Очевидно, что не эти два характера создали, и хотя медленно, а все-таки развивают культуру России [ГОРЬКИЙ. Т. 24].
Здесь следует не упускать из виду, что Горький, выступая с критикой Достоевского в целом, не о «нездоровых нервах общества»103 пекся, а, старался помешать готовившейся тогда Московским Художественным театром инсценировки романа Ф.М. Достоевского «Бесы» под названием «Николай Ставрогин».
<…>
Большевистская печать оценила статью М. Горького как выступление большой политической значимости. Газета «За правду» (одно из названий газеты «Правда») 4 октября 1913 года в статье М.С. Ольминского «Поход против М. Горького» так определила сущность полемики: «…на вопросе о Достоевском столкнулись два мира. Пролетарский мир, в лице М. Горького, выступил против соглашения с реакцией, против антисемитизма, против неблагородства человеческой души.
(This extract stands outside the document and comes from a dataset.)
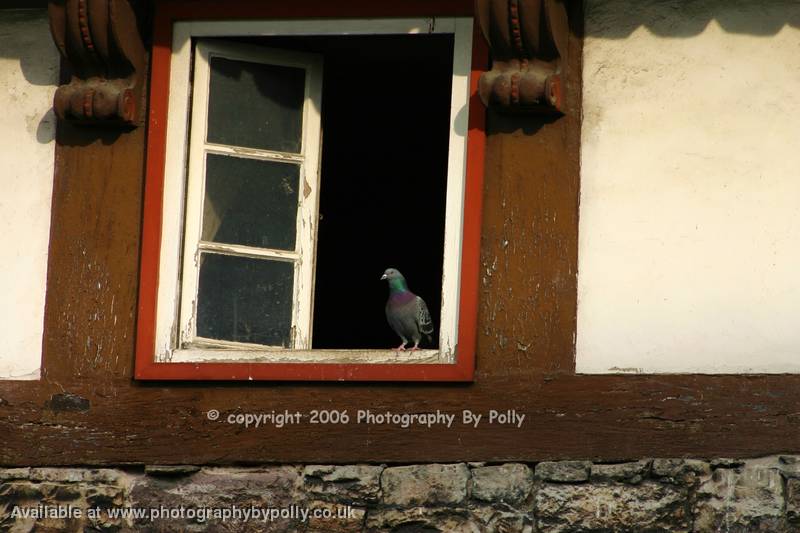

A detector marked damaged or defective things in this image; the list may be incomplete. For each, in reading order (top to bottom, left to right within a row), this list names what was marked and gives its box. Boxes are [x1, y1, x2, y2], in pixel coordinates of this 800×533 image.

peeling white paint [0, 11, 57, 378]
И против него – другой мир, готовый обниматься и с реакцией и с антисемитизмом, готовый продать своё «благородство души» первому, кто пожелает выступить покупателем [ГОРЬКИЙ (II)].
За фасадом полемики крылось очевидное нежелание «буревестника Революции» и его товарищей по партии, чтобы широкая публика видела на сцене бесчестно-бесовские образы русских революционеров. В отличие от Достоевского, Горький прославлял революционеров, делая в своих произведениях заявления типа:
Он, конечно, революционер, как все честные люди в России…104
Свое отношение к «жестокому таланту»105 Достоевского Алданов впервые высказал в 1918 г. в публицистическом эссе «Армагеддон», где «великого писателя земли русской» он называет «черным бриллиантом» русской литературы. Впоследствии, как и у Горького, его восприятие идей, образов и стилистики Достоевского будет носить двойственный характер: от категорического осуждения, до восхищения и даже своего рода подражания. Созданный Алдановым портретный образ Достоевского в романе «Истоки», использование ряда его художественных приемов, а главное – постоянная полемика с его идеями и персонажами, делает Достоевского-мыслителя одним из оппонентов № 1 в алдановском постреволюционном философском дискурсе. В одном из последних своих произведений «Ночь в терминале» (1948 г.) Алданов, как бы аппелируя к трагическому опыту только что закончившейся Второй мировой войны, жестко отвергает одну из концептуальных идей Достоевского – «Об очищении страданием»:
Нет, нет, человек лучше, гораздо лучше своей подмоченной репутации. Он только очень слаб и очень несчастен. Ну что «очищение страданием», зачем «очищение страданием»? Дайте бедным людям возможность немного очиститься счастьем, и вы увидите, как они будут хороши. Нет, философия Достоевского, при всей ее беспредельной глубине, покоится на серьезной психологической ошибке. Вдобавок его мысль была довольно безнравственна: если страдание очищает людей, то какой-нибудь Гитлер был благодетелем человечества [АЛДАНОВ (ХVIII). С. 22].
В своем труде «Л. Толстой и Достоевский» Дмитрий Мережковский, противопоставляя этих гениев русской литературы друг другу, тактично избегает оценивать их место в русской культуре по принципу «выше» – «ниже», хотя, будучи христианским мыслителем, несомненно, ставит на первое место в негласной, прочитывающейся из подтекста, табели о рангах своего кумира Достоевского.
Алданов куда более прямолинеен и категоричен: для него, как это отметил Георгий Адамович, и очевидным и безусловным представляется, что на верхах русской литературы Толстой – он один <…>, и если когда-либо появлялся пророк среди русских писателей, то это опять-таки был Толстой, а не Достоевский.
По свидетельству того же Георгия Адамовича, с которым Марк Александрович особенно сблизился после Второй мировой войны, Алданов «произносил эти два слова “Лев Николаевич” почти так, как люди верующие говорят “Господь Бог”». В оценке того или иного литературного произведения он часто ссылался на его мнение. Вот, например, такой эпизод из статьи «Мои встречи с Алдановым»:
с необычным для себя волнением <Алданов> заговорил о последней главе «Онегина», которую, очевидно, дома перечел. «Да, да, изумительно, совершенно изумительно! – повторял он и добавил: – Кажется, и Льву Николаевичу это очень нравилось». Не знаю, на чем была основана его ссылка на Толстого – ни в одной известной мне книге такого указания нет, – но само по себе его обращение к Толстому за поддержкой своего восхищения было характерно [АДАМОВИЧ (I). С. 112].